The Wings of the Dove

by Henry James

My criticisms of The Wings of the Dove are largely the same as those of The Ambassadors & The Golden Bowl. The writing is arcane, no two characters ever have a conversation in which anything is actually said that conveys straight information, and the plot is hard to decipher. My vintage paperback from 1964 betrays James with a spine that's barely been cracked...over half a century. What else is new? It took two characters eleven pages and a chapter & a half in this book simply to open a letter. What'd they do for those eleven pages and chapter & a half? They talked around opening it.

So make no mistake, within the covers of The Wings of the Dove, you're sure to find the sadistic writing & masochistic reading that is Henry James. He'd have you believe that all his characters enjoy guessing games—or at least that all play by the rules of one—when they converse. Dialogue is represented here as an exercise in forbearance: Characters resist answering questions, but even more so, resist asking them. And the reader is left crying alone in the wilderness. I mean, the game of questions was fun in Rosencrantz & Guildenstern Are Dead, but let's remember that that's ABSURDIST literature, folks.

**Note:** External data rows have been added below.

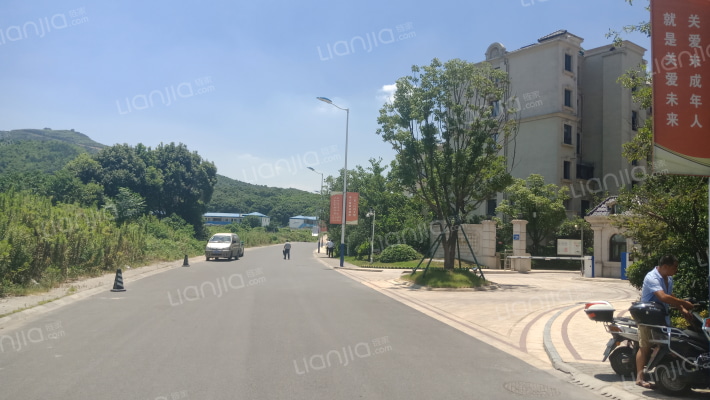 世茂·御龙湾外景图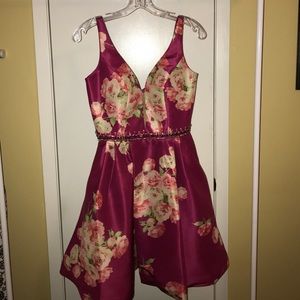 Sherri Hill Short V-Neck Print Dress Style #:32321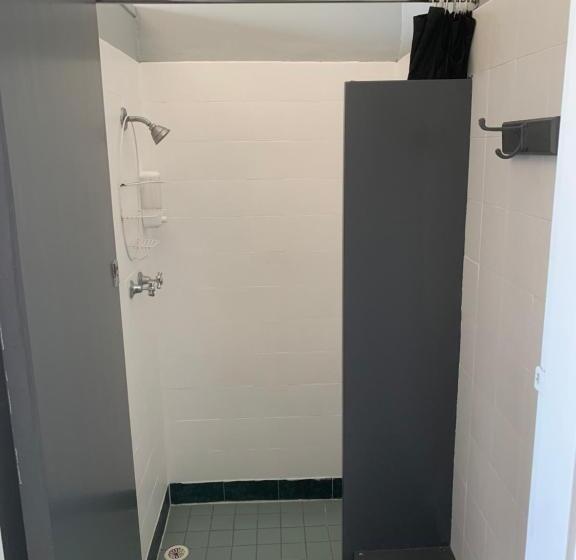 בית מלון כפרי Abermain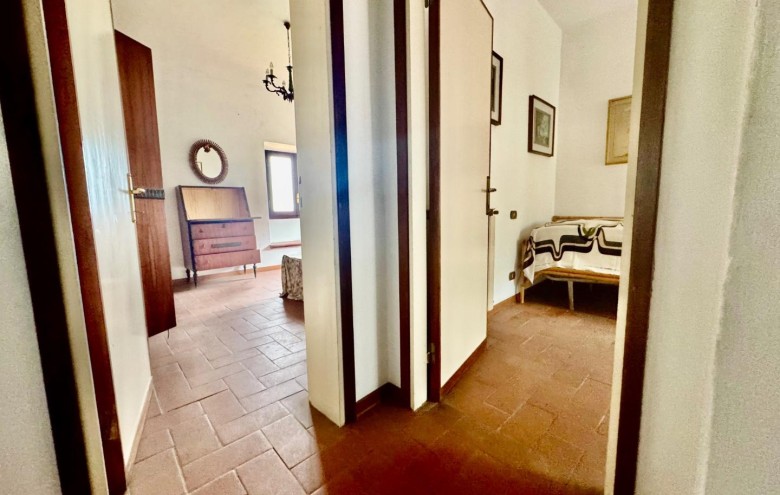 Bifamiliare in vendita a Montignoso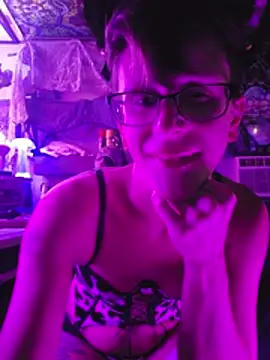 Snapshot of nephilaaranea chatting on July 3, 2026, 3:13 am nephilaaranea online show from July 3, 2026, 3:13 am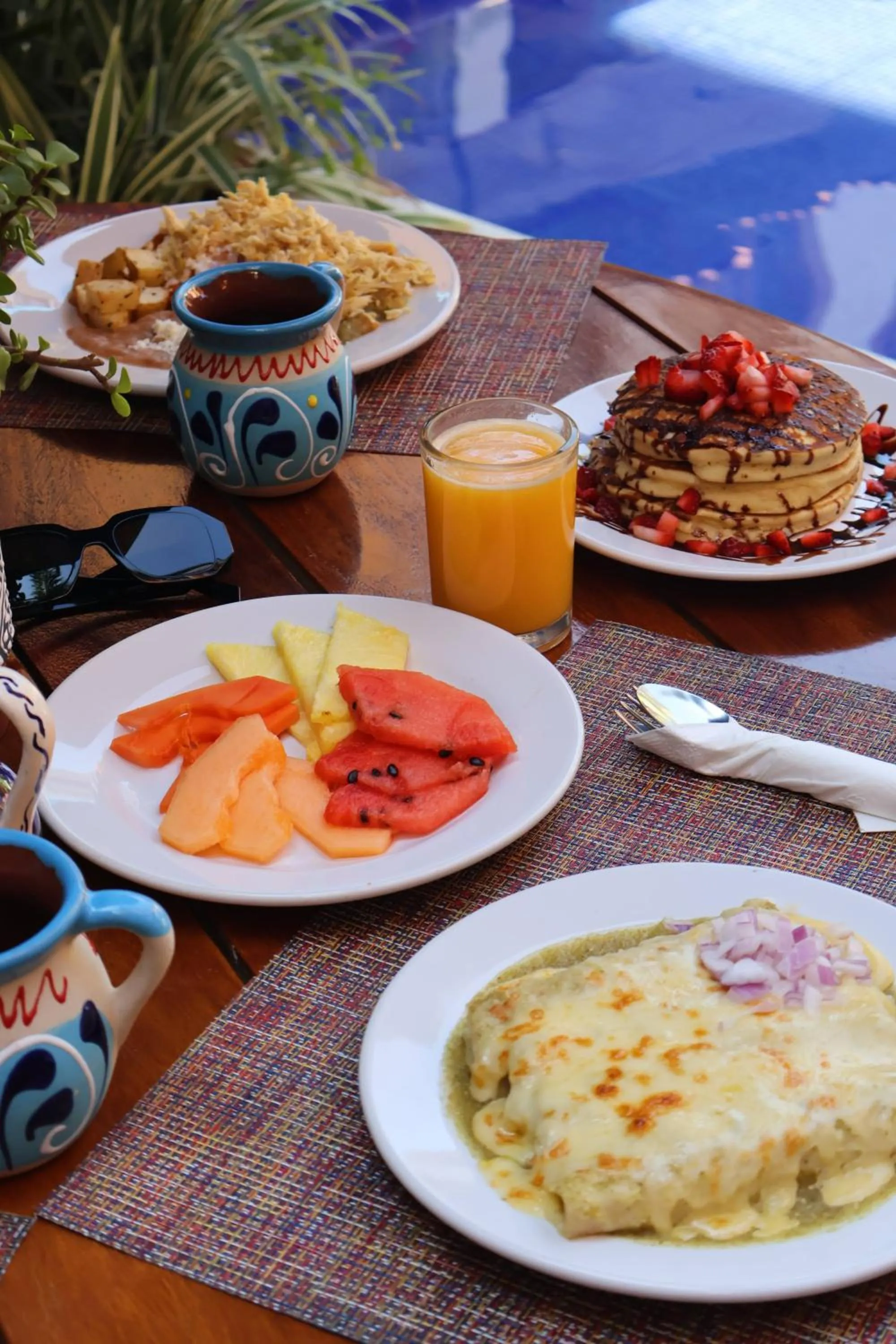 Food and drinks in Casa Lotería -Pueblito Sayulita- Colorful, Family and Relax Experience with Private Parking and Pool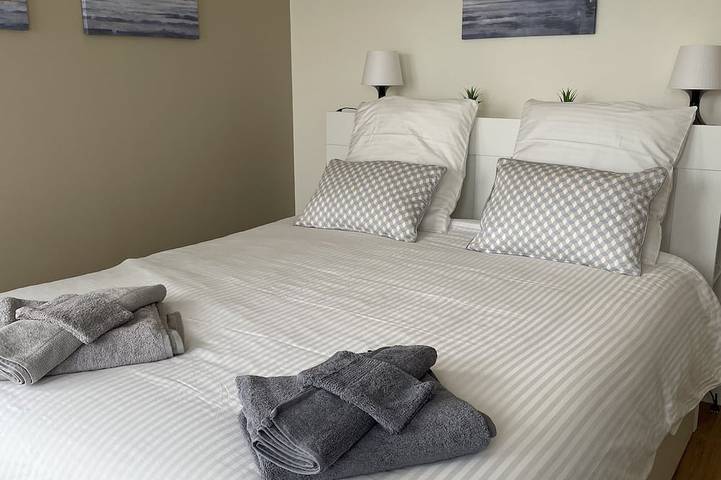 Appartement entier, Appartement rénové vue mer, plage et falaises in Veulettes-sur-Mer, Région de Dieppe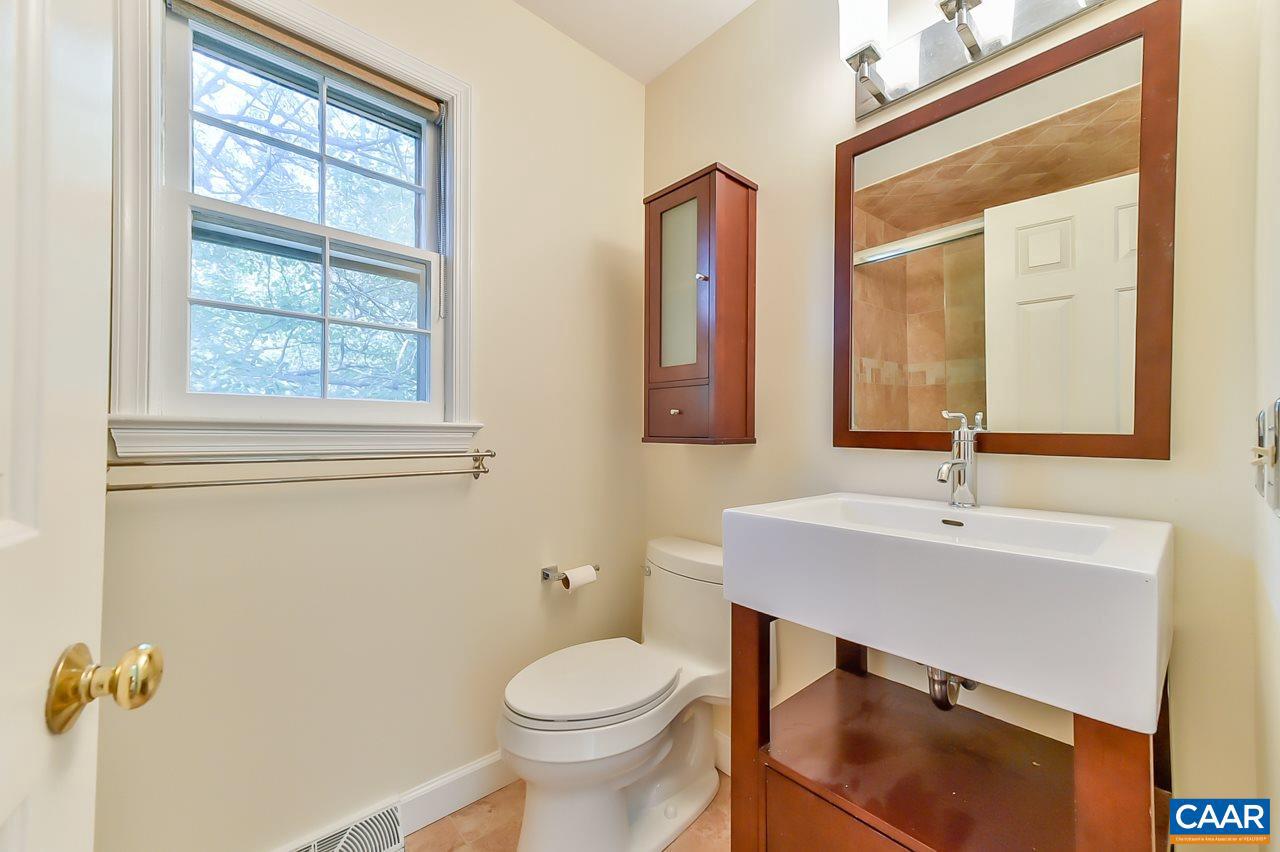 UNKNOWN - Residential Lease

The Wings of the Dove is like The Golden Bowl turned upside down. By that I mean that this time it's the first four fifths of the book that feature a plot too tenebrous to navigate (I have to turn to online crib notes while I read to make sure I'm getting it, and in fact wouldn't have gotten a couple parts of it without the use of that crutch). But within the last 100 pages, the book becomes kind of a juggernaut! The writing gets lucid enough that if you've gotten that far—does anyone?—there's actually some satisfying payoff.

Themes that drive The Wings of the Dove include the following. Love makes people lose their otherwise good heads. Chasing money will get you no place you then want to be once you've caught it. And if you don't ever get asked something (out of perceived propriety) then you get to commit the sin of omission by never having to tell it.